Digging deep into his archives from the 90s, Donatella orchestrated a nostalgic showcase of Gianni’s genius through his most classic prints and styles. However, she also adapted his creations to today’s trends. Did the final product of her efforts to integrate past and present display the intransigence of Gianni’s creations?

11,000 square feet, 13,000 of Mr. Versace’s designs– this 90s archive collection was Donatella’s source of inspiration for her Spring collection, featuring iconic prints such as the vibrant portraits of Marilyn Monroe and James Dean known to many as the ‘Warhol,’ underwater fauna, the leopard, and many others.

However, what went unnoticed is the style in which these prints were portrayed. Departing from Gianni’s baroque form-fitting gowns and alluring slit skirts, Donatella took over the runway in sharp-shouldered jackets and casual day-wear.

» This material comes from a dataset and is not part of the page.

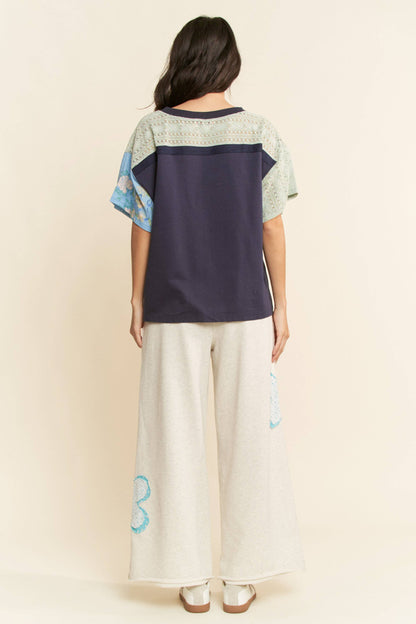 Plus Patchwork Multi Bodice Short Sleeve Top - Navy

This chic, more minimalistic aesthetic is timely, and is more wearable for the everyday consumer than Gianni’s ornate, vintage regality. This show was therefore the work, not only of a sister committed to honoring her brother’s legacy, but also of a businesswoman eager to keep her brand in vogue.

What took center-stage at this show, however, was Donatella’s overbearing love and admiration for Gianni. A voiceover of her own words said "imagine a world without his risk-taking, his innovative genius. Gianni, we love you." Like a headline, the wall behind the runway read- "Tribute to Gianni Versace: Celebration of His Life and Works.” Presented with these reminders, the teary-eyed audience was thinking of Gianni’s legacy, rather than the modernization of his classic designs.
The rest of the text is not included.